Proof of Theorem 4.1

Let us first calculate the observed normalized process \(g_{\Delta t}^i (t)\) in terms of the underlying process \(\tilde{g} ^{i}(t)\), where \(i=1,2\). The operator \(\langle \cdots \rangle \) means the average over the analyzed period \(\left[ {0,\hbox {T}}\right] \).

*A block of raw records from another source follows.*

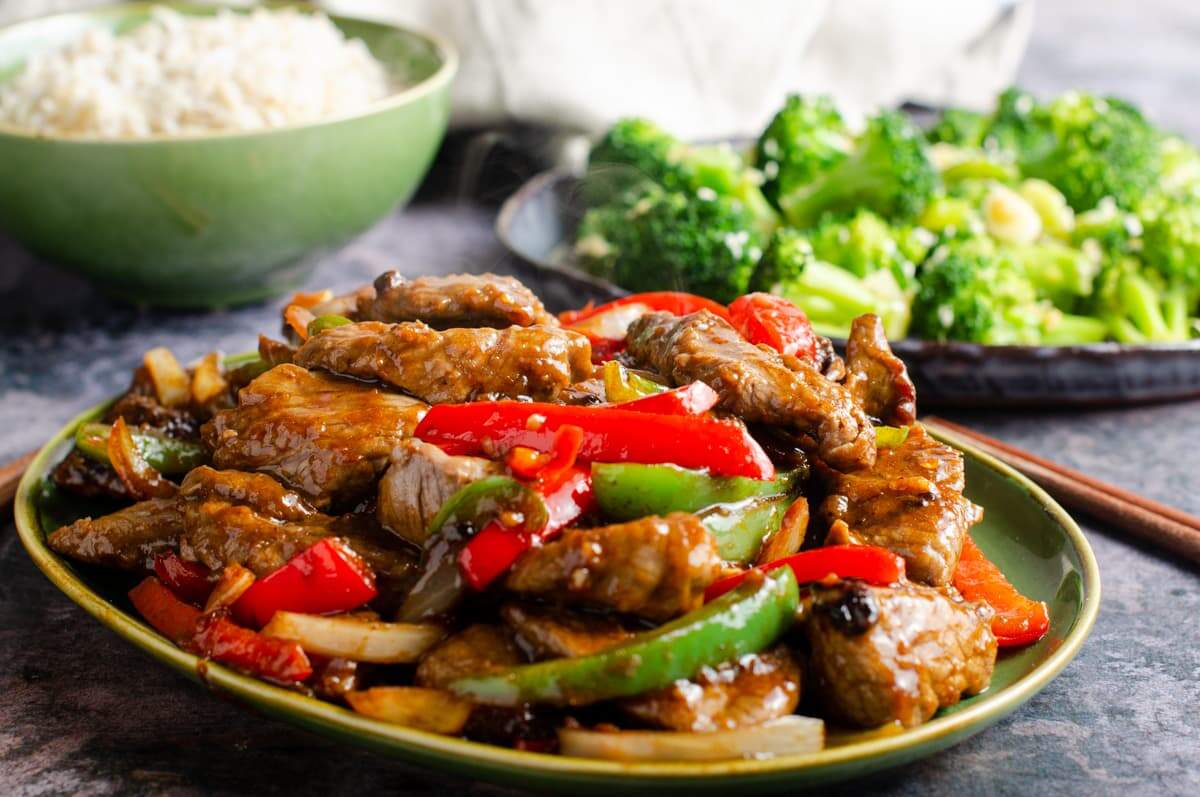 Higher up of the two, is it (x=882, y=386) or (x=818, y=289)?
(x=882, y=386)

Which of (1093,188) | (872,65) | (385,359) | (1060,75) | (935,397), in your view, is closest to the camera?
(385,359)

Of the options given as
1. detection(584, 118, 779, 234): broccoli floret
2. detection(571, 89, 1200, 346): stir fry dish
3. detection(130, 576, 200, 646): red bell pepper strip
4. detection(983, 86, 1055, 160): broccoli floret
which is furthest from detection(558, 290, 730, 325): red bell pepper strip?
detection(983, 86, 1055, 160): broccoli floret

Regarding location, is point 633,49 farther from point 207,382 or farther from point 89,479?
point 89,479

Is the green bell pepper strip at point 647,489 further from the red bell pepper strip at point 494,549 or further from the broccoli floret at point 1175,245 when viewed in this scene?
the broccoli floret at point 1175,245

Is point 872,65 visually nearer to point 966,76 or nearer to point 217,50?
point 966,76

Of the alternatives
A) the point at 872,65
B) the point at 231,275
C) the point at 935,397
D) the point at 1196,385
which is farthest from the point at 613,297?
the point at 872,65

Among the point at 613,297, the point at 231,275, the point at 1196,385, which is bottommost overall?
the point at 231,275

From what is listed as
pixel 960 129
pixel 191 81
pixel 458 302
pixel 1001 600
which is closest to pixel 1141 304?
pixel 960 129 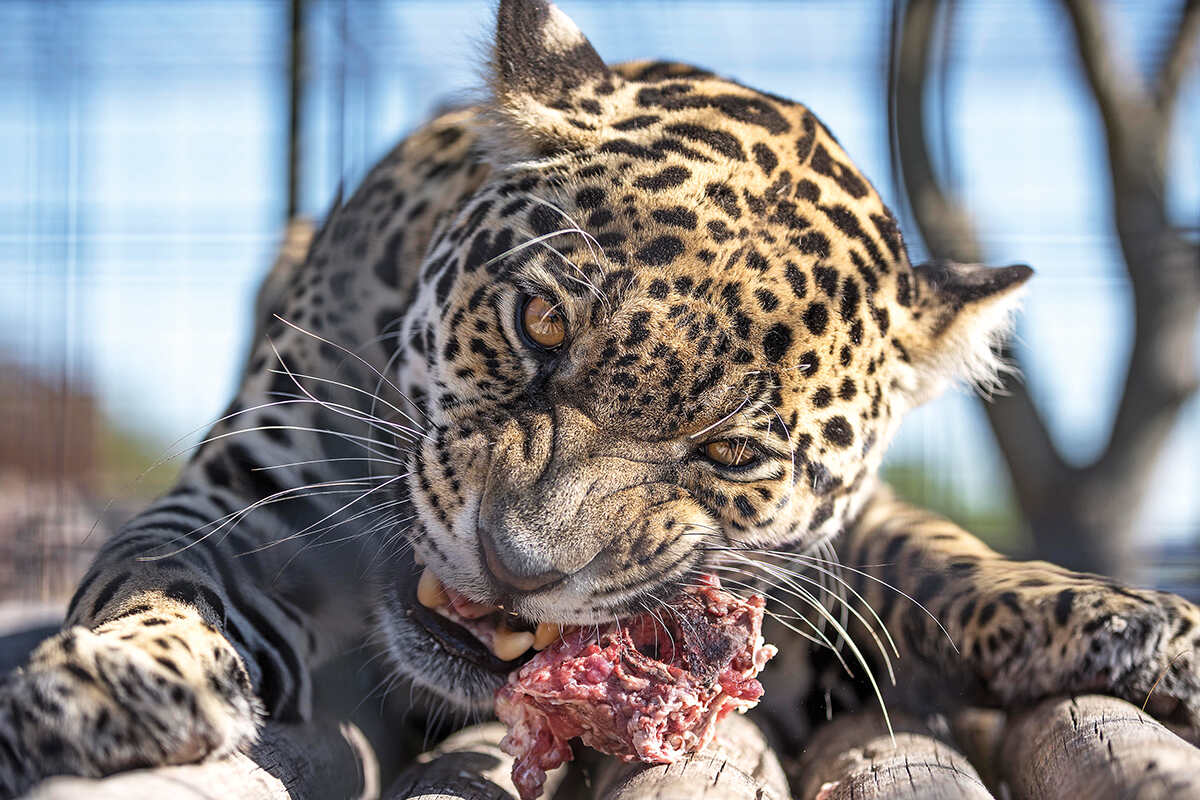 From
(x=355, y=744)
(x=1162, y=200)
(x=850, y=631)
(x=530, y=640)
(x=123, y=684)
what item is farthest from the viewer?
(x=1162, y=200)

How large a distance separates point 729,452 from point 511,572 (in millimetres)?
Result: 471

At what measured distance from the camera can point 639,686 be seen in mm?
1690

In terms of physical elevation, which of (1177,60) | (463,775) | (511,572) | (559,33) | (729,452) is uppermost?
(1177,60)

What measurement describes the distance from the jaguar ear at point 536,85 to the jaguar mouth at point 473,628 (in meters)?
0.92

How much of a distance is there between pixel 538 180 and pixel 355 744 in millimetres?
1198

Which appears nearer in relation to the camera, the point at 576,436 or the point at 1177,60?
the point at 576,436

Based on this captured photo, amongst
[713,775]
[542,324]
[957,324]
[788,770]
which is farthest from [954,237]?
[713,775]

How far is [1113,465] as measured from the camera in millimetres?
5297

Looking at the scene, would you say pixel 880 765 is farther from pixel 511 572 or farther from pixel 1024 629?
pixel 511 572

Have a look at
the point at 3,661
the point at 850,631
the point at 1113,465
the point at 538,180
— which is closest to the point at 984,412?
the point at 1113,465

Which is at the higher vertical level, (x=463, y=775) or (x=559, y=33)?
(x=559, y=33)

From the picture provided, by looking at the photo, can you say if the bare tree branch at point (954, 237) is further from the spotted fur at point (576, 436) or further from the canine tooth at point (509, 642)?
the canine tooth at point (509, 642)

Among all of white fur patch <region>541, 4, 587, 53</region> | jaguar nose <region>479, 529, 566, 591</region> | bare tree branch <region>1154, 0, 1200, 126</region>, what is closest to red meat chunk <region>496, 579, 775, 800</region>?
jaguar nose <region>479, 529, 566, 591</region>

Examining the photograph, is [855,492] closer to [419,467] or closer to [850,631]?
[850,631] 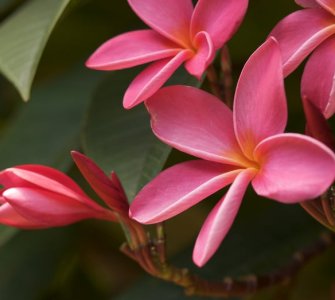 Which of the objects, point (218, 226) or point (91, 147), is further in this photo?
point (91, 147)

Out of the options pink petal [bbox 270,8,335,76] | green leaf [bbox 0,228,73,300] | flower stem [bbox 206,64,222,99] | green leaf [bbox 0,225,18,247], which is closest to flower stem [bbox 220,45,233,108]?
flower stem [bbox 206,64,222,99]

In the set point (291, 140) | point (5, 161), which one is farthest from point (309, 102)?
point (5, 161)

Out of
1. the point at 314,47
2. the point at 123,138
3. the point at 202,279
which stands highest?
the point at 314,47

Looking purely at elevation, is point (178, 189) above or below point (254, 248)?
above

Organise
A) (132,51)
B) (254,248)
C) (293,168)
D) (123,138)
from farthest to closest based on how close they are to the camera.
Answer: (254,248) < (123,138) < (132,51) < (293,168)

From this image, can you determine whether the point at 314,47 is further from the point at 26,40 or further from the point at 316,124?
the point at 26,40

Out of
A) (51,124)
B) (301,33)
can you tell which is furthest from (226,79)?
(51,124)

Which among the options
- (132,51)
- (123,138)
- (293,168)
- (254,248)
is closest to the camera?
(293,168)

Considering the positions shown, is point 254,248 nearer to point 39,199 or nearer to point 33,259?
point 33,259

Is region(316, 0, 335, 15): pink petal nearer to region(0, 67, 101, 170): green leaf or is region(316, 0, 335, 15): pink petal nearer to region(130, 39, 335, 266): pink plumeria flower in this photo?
region(130, 39, 335, 266): pink plumeria flower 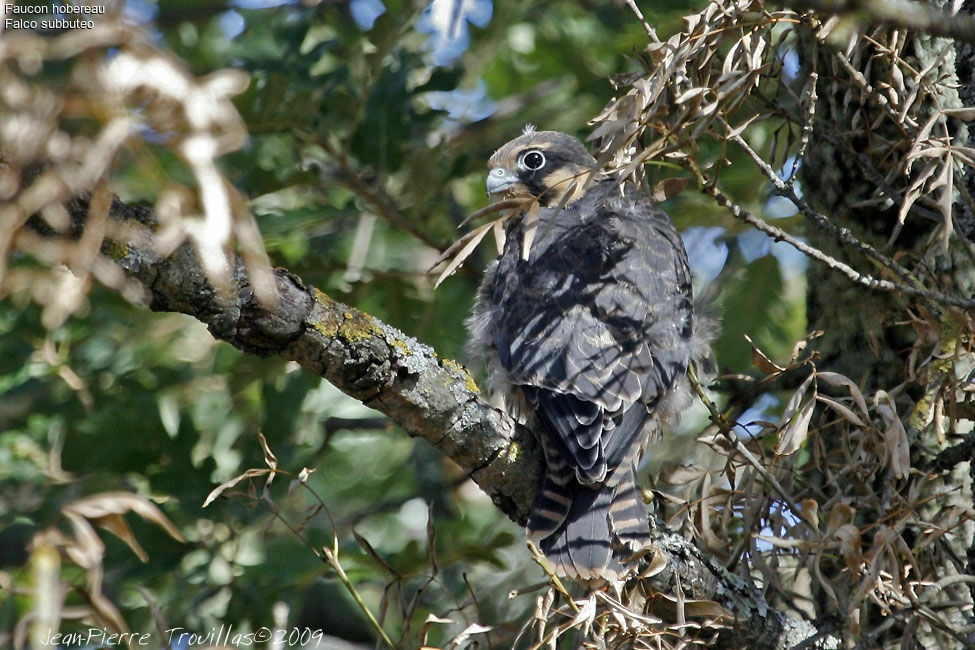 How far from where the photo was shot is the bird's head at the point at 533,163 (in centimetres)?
357

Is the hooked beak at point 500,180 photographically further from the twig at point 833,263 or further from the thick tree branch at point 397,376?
the twig at point 833,263

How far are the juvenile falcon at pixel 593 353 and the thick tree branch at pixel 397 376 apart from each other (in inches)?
4.4

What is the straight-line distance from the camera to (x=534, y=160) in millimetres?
3699

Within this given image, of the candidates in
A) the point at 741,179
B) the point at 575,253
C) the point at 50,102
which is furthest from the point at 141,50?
the point at 741,179

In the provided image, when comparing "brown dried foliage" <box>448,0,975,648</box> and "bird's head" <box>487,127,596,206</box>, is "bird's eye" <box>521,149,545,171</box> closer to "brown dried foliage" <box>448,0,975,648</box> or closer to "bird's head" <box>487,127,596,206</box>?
"bird's head" <box>487,127,596,206</box>

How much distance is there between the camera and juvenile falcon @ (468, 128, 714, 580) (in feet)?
7.22

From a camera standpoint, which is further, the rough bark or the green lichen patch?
the rough bark

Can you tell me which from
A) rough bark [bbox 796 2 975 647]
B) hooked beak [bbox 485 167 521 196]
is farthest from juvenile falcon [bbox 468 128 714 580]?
rough bark [bbox 796 2 975 647]

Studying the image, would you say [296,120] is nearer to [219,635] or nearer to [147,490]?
[147,490]

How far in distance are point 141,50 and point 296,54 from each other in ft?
8.58

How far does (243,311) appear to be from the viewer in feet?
5.37

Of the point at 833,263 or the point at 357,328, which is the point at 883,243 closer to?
the point at 833,263

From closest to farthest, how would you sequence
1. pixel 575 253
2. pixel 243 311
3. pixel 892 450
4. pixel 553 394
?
1. pixel 243 311
2. pixel 892 450
3. pixel 553 394
4. pixel 575 253

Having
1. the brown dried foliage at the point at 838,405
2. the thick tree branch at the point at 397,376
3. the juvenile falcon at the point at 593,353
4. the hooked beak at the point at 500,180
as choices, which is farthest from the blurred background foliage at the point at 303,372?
the thick tree branch at the point at 397,376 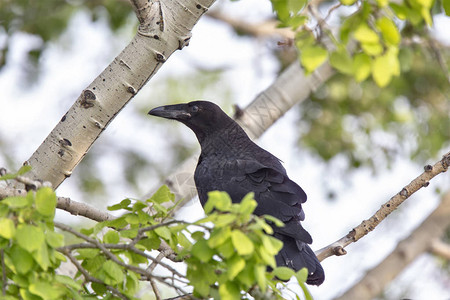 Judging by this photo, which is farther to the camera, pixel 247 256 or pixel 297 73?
pixel 297 73

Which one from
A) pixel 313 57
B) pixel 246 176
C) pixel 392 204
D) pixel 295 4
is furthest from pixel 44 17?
pixel 313 57

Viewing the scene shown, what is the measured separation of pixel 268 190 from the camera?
3.77m

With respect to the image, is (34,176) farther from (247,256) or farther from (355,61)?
(355,61)

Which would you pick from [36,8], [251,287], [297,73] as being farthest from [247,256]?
[36,8]

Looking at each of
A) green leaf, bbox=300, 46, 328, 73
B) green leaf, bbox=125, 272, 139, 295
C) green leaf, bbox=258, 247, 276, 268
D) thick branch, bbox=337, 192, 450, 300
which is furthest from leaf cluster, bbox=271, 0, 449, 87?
thick branch, bbox=337, 192, 450, 300

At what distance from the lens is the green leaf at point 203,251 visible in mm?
2158

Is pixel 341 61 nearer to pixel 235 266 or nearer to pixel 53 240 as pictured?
pixel 235 266

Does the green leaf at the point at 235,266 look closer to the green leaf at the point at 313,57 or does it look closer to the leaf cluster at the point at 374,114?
the green leaf at the point at 313,57

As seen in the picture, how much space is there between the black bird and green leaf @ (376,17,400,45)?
158 cm

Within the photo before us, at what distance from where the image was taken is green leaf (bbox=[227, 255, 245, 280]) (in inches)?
80.5

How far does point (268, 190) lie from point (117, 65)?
3.99 ft

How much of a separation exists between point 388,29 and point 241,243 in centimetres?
83

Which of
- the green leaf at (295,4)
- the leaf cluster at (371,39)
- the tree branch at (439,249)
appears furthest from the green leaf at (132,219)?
the tree branch at (439,249)

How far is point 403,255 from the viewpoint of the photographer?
6.68 m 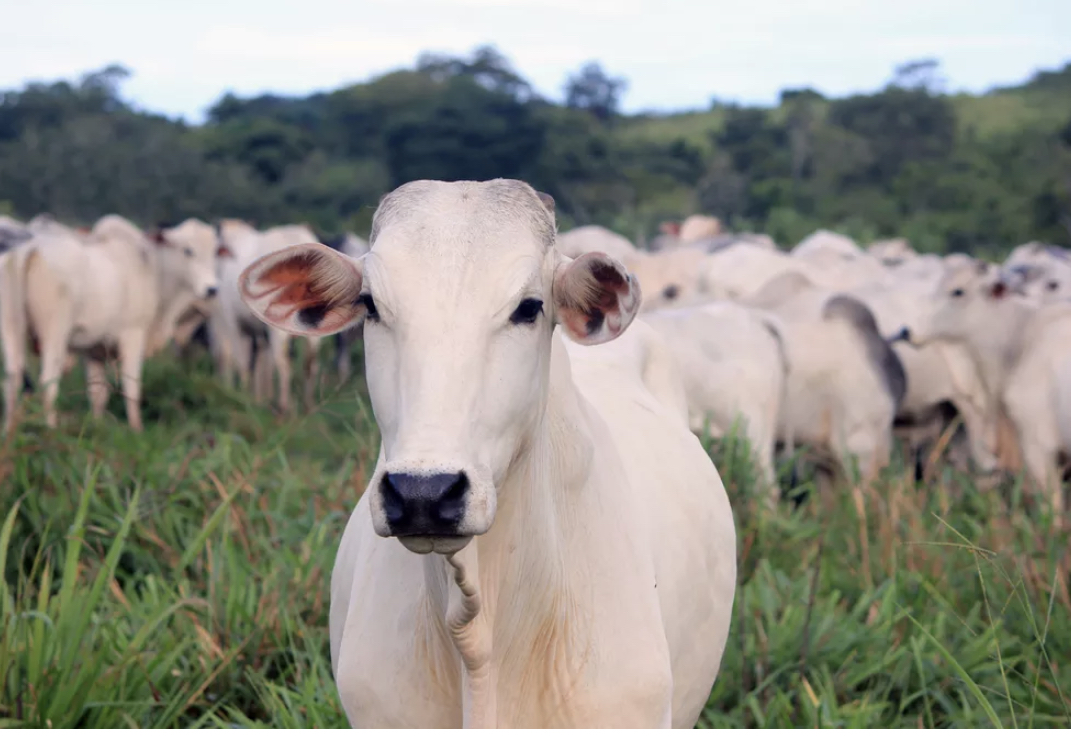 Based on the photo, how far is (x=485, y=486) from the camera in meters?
1.97

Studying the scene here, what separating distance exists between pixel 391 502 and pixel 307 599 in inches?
104

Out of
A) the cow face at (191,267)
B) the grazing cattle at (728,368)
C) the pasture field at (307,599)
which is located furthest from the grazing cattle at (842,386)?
the cow face at (191,267)

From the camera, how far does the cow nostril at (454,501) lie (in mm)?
1896

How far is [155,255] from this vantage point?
12578 millimetres

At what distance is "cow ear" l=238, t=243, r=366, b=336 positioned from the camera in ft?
7.54

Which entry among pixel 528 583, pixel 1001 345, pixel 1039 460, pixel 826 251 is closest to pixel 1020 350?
pixel 1001 345

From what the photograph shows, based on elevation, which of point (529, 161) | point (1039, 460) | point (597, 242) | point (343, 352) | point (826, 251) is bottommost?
point (1039, 460)

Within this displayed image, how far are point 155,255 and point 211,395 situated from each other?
2.81m

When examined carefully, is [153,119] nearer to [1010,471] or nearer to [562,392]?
[1010,471]

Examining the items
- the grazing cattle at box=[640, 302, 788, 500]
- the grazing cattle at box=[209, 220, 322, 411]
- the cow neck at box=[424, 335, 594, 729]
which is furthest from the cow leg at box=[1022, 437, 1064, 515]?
the grazing cattle at box=[209, 220, 322, 411]

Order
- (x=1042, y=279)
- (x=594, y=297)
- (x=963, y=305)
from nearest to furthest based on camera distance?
1. (x=594, y=297)
2. (x=963, y=305)
3. (x=1042, y=279)

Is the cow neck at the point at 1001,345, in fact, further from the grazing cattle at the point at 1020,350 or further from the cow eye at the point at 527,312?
the cow eye at the point at 527,312

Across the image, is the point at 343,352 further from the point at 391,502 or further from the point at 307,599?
the point at 391,502

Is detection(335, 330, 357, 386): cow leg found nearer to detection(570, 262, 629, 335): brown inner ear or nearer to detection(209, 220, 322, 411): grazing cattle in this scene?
detection(209, 220, 322, 411): grazing cattle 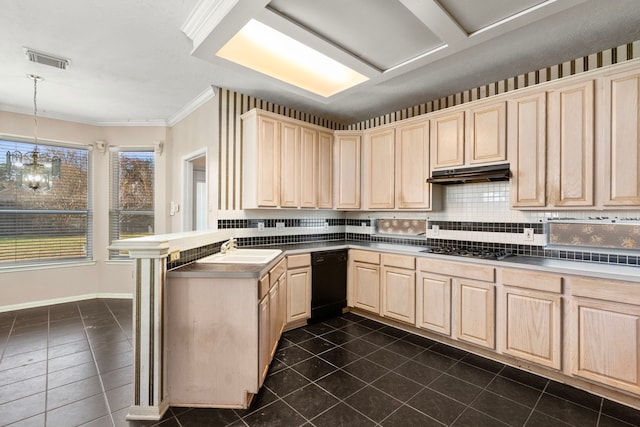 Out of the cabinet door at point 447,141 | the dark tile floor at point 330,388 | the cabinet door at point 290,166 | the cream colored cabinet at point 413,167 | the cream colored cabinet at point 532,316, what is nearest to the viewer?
the dark tile floor at point 330,388

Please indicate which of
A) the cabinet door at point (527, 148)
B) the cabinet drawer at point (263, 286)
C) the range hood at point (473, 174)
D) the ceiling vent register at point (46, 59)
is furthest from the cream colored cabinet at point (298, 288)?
the ceiling vent register at point (46, 59)

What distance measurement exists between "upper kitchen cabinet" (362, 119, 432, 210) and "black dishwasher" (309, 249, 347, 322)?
2.89 ft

$$\begin{aligned} g_{\Delta t}^i (t)= & {} \frac{{r}_{\Delta t}^i (t)-\langle {r}_{\Delta t}^i\rangle }{\sigma _{\Delta t}^i }=\frac{\mathop \sum \nolimits _{j=1}^{N_{\Delta t}^i (t)}\tilde{r} ^{i}\left( {\gamma ^{i}\left( \hbox {t} \right) +j\Delta \tilde{t}} \right) -\langle {r}_{\Delta t}^i \rangle }{\sigma _{\Delta t}^i }\\= & {} \frac{\mathop \sum \nolimits _{j=1}^{N_{\Delta t}^i (t)} \left( {\tilde{\sigma }^{i}\tilde{g} ^{i}\left( {\gamma ^{i}\left( \hbox {t} \right) +j\Delta \tilde{t}} \right) +\langle \tilde{r}^{i}\rangle } \right) -\langle {r}_{\Delta t}^i\rangle }{\sigma _{\Delta t}^i}\\= & {} \frac{\tilde{\sigma }^{i}\mathop \sum \nolimits _{j=1}^{N_{\Delta t}^i (t)} \tilde{g}^{i}\left( {\gamma ^{i}\left( \hbox {t} \right) +j\Delta \tilde{t}}\right) +N_{\Delta t}^i (t)\langle \tilde{r}^{i}\rangle -\langle {r}_{\Delta t}^i \rangle }{\sigma _{\Delta t}^i} \end{aligned}$$

Under Assumption A1:

$$\begin{aligned} \langle {r}_{\Delta t}^i (t)\rangle =\langle {N}_{\Delta t}^i\rangle \langle \tilde{r}^{i}\rangle ;\left( {\sigma _{\Delta t}^i } \right) ^{2}=\langle {N}_{\Delta t}^i \rangle \left( {\tilde{\sigma }^{i}} \right) ^{2} \end{aligned}$$

Thus,

$$\begin{aligned} g_{\Delta t}^i (t)=\frac{1}{\sqrt{\langle {N}_{\Delta t}^i \rangle }}\mathop \sum \limits _{j=1}^{N_{\Delta t}^i (t)} \tilde{g}^{i}\left( {\gamma ^{i}\left( \hbox {t} \right) +j\Delta \tilde{t}} \right) +\frac{\langle \tilde{r}^{i}\rangle \left( {N_{\Delta t}^i (t)-\langle {N}_{\Delta t}^i \rangle } \right) }{\sigma _{\Delta t}^i } \end{aligned}$$

Let us now calculate the observed correlation \(\hbox {corr}\left( {r_{\Delta t}^1 ,r_{\Delta t}^2 } \right) \) in terms of the correlation of underlying processes \(\hbox {corr}_{t_j } \left( {\tilde{g}^{1},\tilde{g}^{2}} \right) \).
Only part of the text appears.